The multi-fluid pressures downstream of the solar wind termination shock

Abstract

In this paper we consider a multi-fluid plasma that describes the upstream solar wind at its passage over the solar wind termination shock. In one respect, the plasma at the shock reacts like a joint fluid that is described by a single compression ratio. This ratio depends on all upstream and downstream pressures of the magnetohydrodynamic (MHD) plasma. In another respect, the distinguished plasma fluids in their downstream properties show fluid-specific reactions, thet we describe by using additional kinetic information on the plasma constituents, such as the Liouville theorem, the conservation of typical particle invariants, and the species-specific influence of the electric shock ramp. We thus obtain the resulting distribution functions of the seperate fluid particles and their associated velocity moments for the downstream region, especially their separate fluid pressures.

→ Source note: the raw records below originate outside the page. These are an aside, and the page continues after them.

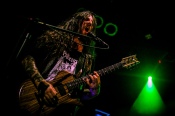 Yob - koncert: Yob, Wrocław 'Firlej' 20.09.2014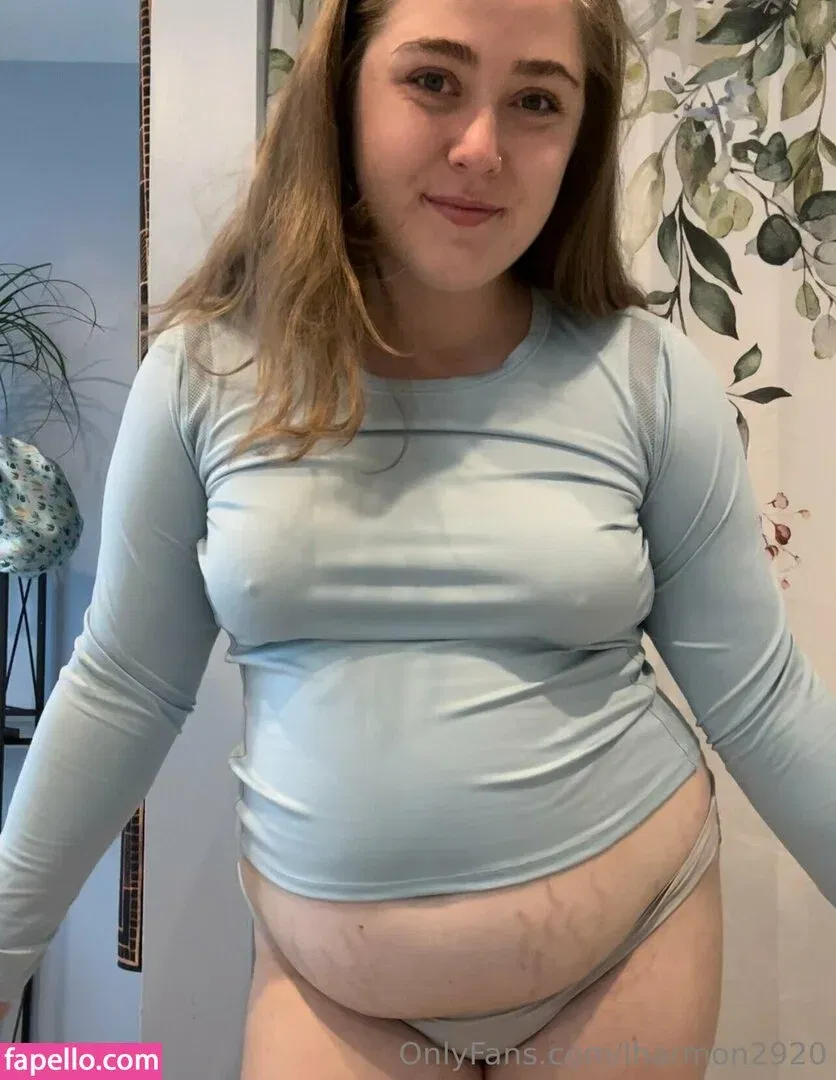 lharmon2920 / lharmony_ Onlyfans Photo Gallery 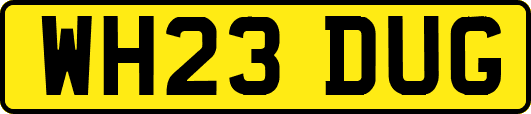 WH23DUG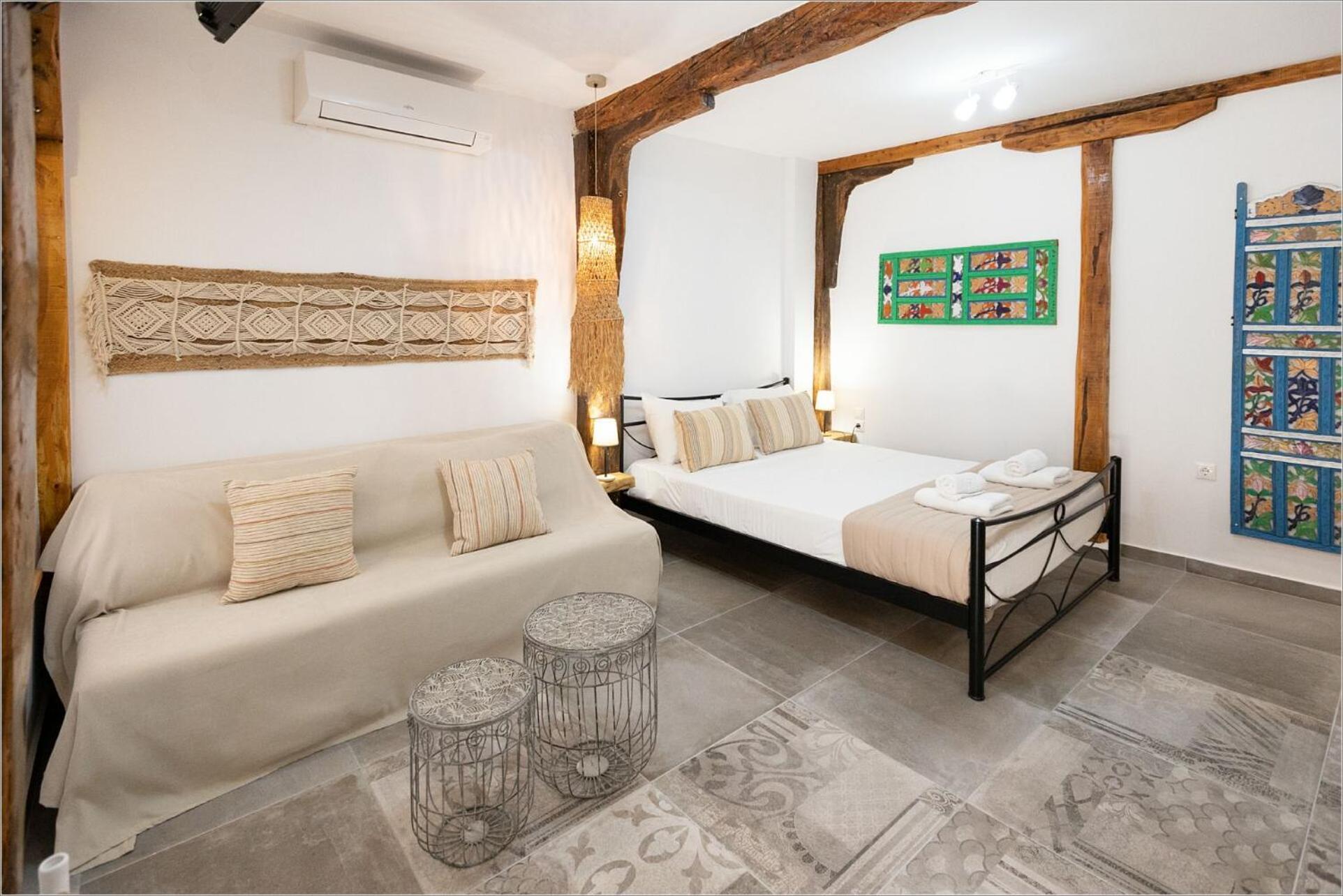 Ziv Boutique Apartments Town Square Lefkada City Exterior photo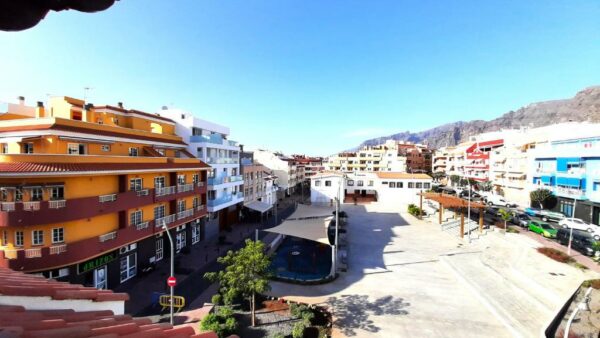 Puerto de Santiago Habitaciones para familias Puerto Santiago Plaza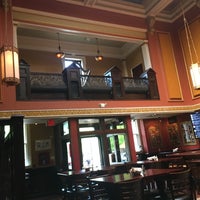 Photo taken at Ri Ra Irish Pub and Restaurant by Mark on 8/22/2019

We show that the different fluid pressures in different forms depend on the shock compression ratio and on the tilt angle between the upstream magnetic field and the shock surface normal. The dominant downstream pressures are connected with the pick-up protons and with the solar wind electrons, one dominating under some given shock conditions, the other dominating under some other shock conditions. Since the downstream distributions of solar wind protons and pick-up protons partly overlap in velocity space, we look for a joint distribution of the joint proton population in the form of a joint Kappa distribution and find that the associated Kappa index and the “Gaussian velocity width” are functions of the pick-up ion abundance, of the joint compression ratio, and of the tilt angle. Owing to the strongly heated electrons the energy-per-mass density ratio of the downstream plasma turns out to be fairly different from all that was expected up to now. This might also give a hint as to why the heliosheath plasma flow lines seen by Voyagers are different from all MHD simulations so far.